So it's just an awesome touch point. We're gonna continue to create these other sorts of tangible experiences that that brands can use to reach, engage, and, and stay memorable with their customers.
Connor: I was just thinking again, like until until a hundred percent of brands are using handwritten notes, then you'll be the guy that comes in and we need to go back to typing it, but yeah. No that's awesome. People don't know.
Michael Epstein: No, it's great. I mean, it's pen to paper and it's really, really effective. And again, it's just meant as an additional touchpoint to just say thank you to a V I P customer acknowledge them, it's all personalized. You can sign it from your name and it's just a really nice way to reach your customer. And yeah, we can actually copy your own handwriting. Like we can digitize your own handwriting if you want.
Connor: You can't digitize mine. Mine's terrible.
Michael Epstein: That's the perfect kind. That's the kind that we can definitely copy and it's even that much more distinct, but a lot of people are like, well, my handwriting is terrible. So I'd actually rather choose from one of your handwriting styles that, that you have that still is completely authentic, but is a little more legible than what than mine. And it's not like customers are gonna know exactly what your handwriting looks like versus one of the options that we can provide you.
Connor: That's quite interesting as well with the VIP experience. Like if 10 of your customers get the same postcard and then you have the 11th customer gets a unique one and they, you know, somehow their friends found out like, then you are adding this extra layer of social. And like, you know, correspondence like one way correspondence with your customers. That's, that's pretty, that's pretty psychologically, I guess, just like effective. Yeah.
Michael Epstein: Yeah. And we see that a good amount where people post a picture of the card that they received to Instagram or something where, cause yeah. How often does do brands do that these days and it takes and for, you know, $2 to be able to deliver that experience to a customer that may, that might have bought from you now five times or spent $500 with you. Like, how else can you get something that memorable and special delivered to a customer for that kind of cost? It's just really special experience.
Connor: Tell me more about the case studies like with this new handwriting thing. I also wanted to ask how many customers do you have and how many customers have used this new technology?

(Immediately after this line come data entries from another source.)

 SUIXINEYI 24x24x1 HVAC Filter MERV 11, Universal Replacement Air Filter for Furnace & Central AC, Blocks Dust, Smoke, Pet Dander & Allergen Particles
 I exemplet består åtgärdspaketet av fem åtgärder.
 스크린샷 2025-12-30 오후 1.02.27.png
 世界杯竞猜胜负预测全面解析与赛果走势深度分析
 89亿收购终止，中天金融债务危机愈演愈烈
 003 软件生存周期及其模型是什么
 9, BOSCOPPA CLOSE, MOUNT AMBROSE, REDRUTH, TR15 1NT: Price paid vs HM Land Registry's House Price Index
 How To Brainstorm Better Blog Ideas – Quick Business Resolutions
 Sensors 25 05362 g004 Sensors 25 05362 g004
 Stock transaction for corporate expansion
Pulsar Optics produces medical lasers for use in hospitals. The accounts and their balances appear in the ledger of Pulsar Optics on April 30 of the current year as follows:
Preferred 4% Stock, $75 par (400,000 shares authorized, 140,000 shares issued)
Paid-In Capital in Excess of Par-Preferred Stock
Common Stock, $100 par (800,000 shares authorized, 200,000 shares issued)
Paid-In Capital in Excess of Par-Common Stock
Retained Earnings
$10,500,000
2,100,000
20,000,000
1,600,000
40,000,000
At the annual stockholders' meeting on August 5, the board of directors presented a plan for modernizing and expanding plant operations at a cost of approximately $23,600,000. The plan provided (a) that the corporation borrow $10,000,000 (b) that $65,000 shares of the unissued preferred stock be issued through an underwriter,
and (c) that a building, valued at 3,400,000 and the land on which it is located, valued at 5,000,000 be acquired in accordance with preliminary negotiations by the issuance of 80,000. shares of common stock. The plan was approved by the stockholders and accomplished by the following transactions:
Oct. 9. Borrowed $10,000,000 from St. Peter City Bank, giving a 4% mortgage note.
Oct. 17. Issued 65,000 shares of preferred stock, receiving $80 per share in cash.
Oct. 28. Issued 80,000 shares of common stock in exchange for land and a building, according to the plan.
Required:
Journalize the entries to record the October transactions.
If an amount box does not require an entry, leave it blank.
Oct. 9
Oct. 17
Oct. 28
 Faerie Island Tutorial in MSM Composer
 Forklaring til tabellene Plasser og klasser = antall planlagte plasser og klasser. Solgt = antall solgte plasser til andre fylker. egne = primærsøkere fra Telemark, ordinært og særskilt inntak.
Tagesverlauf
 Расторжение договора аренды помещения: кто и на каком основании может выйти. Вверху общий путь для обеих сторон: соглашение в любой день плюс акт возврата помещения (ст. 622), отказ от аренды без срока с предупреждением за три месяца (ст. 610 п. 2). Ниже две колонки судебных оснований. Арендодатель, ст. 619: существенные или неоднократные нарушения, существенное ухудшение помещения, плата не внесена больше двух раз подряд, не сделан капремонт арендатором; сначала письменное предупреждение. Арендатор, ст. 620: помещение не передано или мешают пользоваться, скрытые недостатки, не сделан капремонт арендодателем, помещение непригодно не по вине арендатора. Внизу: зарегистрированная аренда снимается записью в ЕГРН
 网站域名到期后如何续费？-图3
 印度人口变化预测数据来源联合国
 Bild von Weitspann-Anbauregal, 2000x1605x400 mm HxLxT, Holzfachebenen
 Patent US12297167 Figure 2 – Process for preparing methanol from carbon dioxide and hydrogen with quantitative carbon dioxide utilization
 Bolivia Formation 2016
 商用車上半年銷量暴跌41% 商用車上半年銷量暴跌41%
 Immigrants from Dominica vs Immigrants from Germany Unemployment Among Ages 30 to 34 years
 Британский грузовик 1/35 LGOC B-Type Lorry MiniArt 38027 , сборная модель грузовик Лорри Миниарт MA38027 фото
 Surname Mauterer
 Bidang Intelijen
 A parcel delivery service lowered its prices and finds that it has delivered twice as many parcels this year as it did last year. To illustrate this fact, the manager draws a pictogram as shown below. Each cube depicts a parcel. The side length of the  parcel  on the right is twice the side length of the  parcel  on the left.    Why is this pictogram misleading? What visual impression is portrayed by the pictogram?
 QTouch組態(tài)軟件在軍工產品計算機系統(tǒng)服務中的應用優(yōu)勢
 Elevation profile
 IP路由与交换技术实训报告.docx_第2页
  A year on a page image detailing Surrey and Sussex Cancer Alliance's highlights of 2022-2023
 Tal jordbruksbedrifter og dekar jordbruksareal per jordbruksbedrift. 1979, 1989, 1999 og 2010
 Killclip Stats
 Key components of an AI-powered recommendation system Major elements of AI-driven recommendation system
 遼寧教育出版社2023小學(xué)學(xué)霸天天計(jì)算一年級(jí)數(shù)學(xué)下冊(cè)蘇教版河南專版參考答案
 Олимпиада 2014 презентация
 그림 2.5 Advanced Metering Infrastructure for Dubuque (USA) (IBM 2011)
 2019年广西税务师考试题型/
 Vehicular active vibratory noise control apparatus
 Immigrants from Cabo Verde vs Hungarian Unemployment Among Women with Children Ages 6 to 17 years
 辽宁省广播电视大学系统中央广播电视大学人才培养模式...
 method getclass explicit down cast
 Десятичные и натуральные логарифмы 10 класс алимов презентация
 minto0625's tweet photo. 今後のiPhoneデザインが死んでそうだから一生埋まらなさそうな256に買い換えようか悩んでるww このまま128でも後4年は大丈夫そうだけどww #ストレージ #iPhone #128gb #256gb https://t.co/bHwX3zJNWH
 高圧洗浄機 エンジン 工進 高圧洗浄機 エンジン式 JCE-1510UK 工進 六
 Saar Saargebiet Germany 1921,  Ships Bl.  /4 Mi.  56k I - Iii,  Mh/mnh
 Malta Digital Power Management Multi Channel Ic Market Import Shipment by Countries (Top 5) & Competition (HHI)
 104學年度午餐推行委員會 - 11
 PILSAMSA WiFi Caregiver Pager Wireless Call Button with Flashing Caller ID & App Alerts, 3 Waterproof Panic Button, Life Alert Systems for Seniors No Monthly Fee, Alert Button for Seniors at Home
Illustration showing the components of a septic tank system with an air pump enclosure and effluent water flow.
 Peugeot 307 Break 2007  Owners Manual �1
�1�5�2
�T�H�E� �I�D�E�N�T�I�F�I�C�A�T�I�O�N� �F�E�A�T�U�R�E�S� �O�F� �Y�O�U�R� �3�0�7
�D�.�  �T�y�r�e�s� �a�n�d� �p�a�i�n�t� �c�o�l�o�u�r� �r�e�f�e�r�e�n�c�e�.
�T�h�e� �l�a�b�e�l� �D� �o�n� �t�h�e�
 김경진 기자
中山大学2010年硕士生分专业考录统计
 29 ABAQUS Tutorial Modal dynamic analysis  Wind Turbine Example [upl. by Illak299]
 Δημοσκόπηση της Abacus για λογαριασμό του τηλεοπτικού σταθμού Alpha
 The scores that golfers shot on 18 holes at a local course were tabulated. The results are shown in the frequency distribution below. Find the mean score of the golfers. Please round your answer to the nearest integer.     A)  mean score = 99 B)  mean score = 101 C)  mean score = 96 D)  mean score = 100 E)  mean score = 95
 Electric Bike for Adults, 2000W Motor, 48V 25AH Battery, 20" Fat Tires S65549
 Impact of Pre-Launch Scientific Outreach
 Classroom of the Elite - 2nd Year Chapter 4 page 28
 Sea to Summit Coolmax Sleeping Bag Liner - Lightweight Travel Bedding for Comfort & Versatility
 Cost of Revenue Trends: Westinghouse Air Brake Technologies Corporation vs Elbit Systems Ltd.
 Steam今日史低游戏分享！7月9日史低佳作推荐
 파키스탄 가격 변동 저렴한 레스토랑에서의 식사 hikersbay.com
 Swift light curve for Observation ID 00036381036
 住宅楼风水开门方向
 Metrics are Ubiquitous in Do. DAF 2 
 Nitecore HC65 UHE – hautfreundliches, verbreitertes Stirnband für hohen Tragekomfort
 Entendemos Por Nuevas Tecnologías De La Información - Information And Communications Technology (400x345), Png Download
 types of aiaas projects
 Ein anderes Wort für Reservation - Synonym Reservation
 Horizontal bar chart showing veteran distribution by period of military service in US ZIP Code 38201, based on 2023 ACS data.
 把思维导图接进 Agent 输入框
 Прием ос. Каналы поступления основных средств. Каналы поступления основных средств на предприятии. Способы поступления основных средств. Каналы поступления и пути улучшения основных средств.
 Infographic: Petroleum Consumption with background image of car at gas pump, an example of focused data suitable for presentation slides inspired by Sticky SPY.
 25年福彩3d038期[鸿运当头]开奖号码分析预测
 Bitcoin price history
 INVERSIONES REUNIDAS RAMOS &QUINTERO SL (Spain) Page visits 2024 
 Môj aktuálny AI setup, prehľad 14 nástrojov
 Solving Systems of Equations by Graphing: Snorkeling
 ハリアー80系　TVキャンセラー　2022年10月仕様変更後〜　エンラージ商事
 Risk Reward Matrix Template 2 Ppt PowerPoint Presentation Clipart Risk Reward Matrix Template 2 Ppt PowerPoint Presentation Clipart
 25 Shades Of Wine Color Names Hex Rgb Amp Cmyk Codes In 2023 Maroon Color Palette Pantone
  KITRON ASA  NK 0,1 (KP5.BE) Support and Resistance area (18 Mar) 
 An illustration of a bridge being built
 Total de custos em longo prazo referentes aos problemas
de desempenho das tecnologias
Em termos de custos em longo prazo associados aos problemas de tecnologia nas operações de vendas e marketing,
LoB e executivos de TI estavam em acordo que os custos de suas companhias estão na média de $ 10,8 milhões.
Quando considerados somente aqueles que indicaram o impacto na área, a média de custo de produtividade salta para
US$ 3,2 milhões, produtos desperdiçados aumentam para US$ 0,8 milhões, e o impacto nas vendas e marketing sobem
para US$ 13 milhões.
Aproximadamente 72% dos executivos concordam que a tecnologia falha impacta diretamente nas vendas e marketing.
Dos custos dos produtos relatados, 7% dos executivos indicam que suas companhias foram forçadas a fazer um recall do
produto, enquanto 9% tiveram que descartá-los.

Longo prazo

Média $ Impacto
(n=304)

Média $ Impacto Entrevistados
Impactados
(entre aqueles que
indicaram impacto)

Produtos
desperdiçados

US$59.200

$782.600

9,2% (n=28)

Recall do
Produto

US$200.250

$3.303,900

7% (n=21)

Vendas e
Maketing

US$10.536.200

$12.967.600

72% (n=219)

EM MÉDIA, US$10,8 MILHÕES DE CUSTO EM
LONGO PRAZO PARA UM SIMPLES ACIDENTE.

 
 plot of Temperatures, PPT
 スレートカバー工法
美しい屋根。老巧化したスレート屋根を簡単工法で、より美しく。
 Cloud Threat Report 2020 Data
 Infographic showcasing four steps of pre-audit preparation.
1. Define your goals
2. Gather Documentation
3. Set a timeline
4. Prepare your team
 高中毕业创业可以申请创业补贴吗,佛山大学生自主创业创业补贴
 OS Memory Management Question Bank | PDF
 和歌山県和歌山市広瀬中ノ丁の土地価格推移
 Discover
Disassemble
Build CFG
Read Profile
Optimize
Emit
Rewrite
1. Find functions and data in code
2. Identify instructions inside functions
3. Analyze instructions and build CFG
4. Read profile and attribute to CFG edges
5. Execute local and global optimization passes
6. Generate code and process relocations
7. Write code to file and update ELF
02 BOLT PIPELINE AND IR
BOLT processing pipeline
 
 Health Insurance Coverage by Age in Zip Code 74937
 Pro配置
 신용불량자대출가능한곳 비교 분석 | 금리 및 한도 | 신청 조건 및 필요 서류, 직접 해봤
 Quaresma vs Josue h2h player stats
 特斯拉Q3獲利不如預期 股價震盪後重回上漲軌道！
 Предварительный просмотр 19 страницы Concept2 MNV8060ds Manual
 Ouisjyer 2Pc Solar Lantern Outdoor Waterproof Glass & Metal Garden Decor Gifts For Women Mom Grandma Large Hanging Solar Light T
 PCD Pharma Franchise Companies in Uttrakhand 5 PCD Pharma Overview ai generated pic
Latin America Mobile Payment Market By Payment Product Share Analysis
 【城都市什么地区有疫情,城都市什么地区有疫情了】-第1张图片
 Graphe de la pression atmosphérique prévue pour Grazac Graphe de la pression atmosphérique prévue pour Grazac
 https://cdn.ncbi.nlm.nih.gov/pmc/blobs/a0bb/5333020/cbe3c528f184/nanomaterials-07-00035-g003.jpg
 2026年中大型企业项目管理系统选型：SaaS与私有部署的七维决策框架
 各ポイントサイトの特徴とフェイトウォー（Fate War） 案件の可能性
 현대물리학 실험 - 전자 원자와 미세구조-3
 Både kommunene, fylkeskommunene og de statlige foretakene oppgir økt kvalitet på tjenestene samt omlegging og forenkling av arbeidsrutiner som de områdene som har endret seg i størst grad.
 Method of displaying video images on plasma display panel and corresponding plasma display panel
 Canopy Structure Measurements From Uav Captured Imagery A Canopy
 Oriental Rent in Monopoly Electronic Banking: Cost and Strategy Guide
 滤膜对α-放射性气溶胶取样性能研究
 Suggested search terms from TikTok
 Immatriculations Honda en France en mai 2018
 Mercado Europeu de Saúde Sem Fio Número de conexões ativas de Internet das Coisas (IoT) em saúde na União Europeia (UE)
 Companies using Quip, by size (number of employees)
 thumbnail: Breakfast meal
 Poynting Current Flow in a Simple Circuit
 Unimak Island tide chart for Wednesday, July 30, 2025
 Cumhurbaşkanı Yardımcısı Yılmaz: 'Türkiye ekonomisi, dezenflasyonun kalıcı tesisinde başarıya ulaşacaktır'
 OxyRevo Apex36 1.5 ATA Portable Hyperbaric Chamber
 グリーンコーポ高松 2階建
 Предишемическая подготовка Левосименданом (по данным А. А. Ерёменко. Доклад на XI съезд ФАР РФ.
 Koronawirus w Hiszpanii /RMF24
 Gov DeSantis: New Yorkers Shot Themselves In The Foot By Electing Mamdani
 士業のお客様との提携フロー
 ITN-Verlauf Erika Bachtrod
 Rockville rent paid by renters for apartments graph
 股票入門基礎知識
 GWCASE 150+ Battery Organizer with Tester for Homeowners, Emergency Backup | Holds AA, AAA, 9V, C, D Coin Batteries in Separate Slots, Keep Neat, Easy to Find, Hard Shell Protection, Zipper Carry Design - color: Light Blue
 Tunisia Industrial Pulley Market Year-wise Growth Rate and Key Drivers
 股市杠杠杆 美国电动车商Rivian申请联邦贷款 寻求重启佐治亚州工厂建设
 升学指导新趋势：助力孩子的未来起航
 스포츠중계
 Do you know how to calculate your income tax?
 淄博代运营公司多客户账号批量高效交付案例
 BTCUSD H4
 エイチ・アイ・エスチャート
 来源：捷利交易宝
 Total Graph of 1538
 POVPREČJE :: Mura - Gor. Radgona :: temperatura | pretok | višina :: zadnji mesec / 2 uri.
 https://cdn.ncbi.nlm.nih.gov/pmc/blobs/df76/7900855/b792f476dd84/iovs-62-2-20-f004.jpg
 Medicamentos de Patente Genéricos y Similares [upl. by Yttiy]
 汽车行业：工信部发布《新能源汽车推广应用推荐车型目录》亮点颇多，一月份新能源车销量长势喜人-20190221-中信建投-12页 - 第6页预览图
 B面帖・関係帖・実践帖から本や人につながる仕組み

Michael Epstein: We have thousands of brands on our platform, you know, ranging in size. Ideal customer is typically a seven figure plus Shopify store because we, you know, we natively integrate with Shopify. You get kind of very robust functionality. And it's seven plus figures you at you at least have enough of a customer base that we can create good segments, target like appropriate size segments to get real data and actually move the needle.
If you're a tiny store, just starting out, you're not gonna be able to build enough segments out of that, out of a very small customer base to really allow you to be as effective. Yeah. But we have thousands of stores. Seven to nine plus figure brands that are sending, you know, anywhere from hundreds or thousands of cards a month to hundreds of thousands of cards.
And consistently see just really, really good returns. And that's why they stick with us. And that's also why we really focus on guiding them and being very hands on and concierge with our service to ensure that they're doing it the right way. Like we know what we've seen thousands of these campaigns, we've sent millions of cards, we've designed them. And so we know what works and we wanna make sure that they're set up for success.
Connor: So you're saying that it's kind of diminishing returns to scale if you can't segment the audience enough?
Michael Epstein: Like it's just hard if you say, I wanna target customers that hadn't bought in 30 to 60 days and the audience size of that is 40 people. Yeah. It's just, there's just not a lot you can do with that. That's just not, it's not statistically significant. It's not massively moving the needle. You can still, of course do campaigns you can even do if you're a growing brand, like the handwritten card is a nice touch to establish yourself, especially if you're a growing brand, really acknowledge the people that have bought in early and help build your business. But in terms of seeing real scale to your campaigns, again, if segment sizes are really tiny, kind of default, there's not a lot of scale to those campaign.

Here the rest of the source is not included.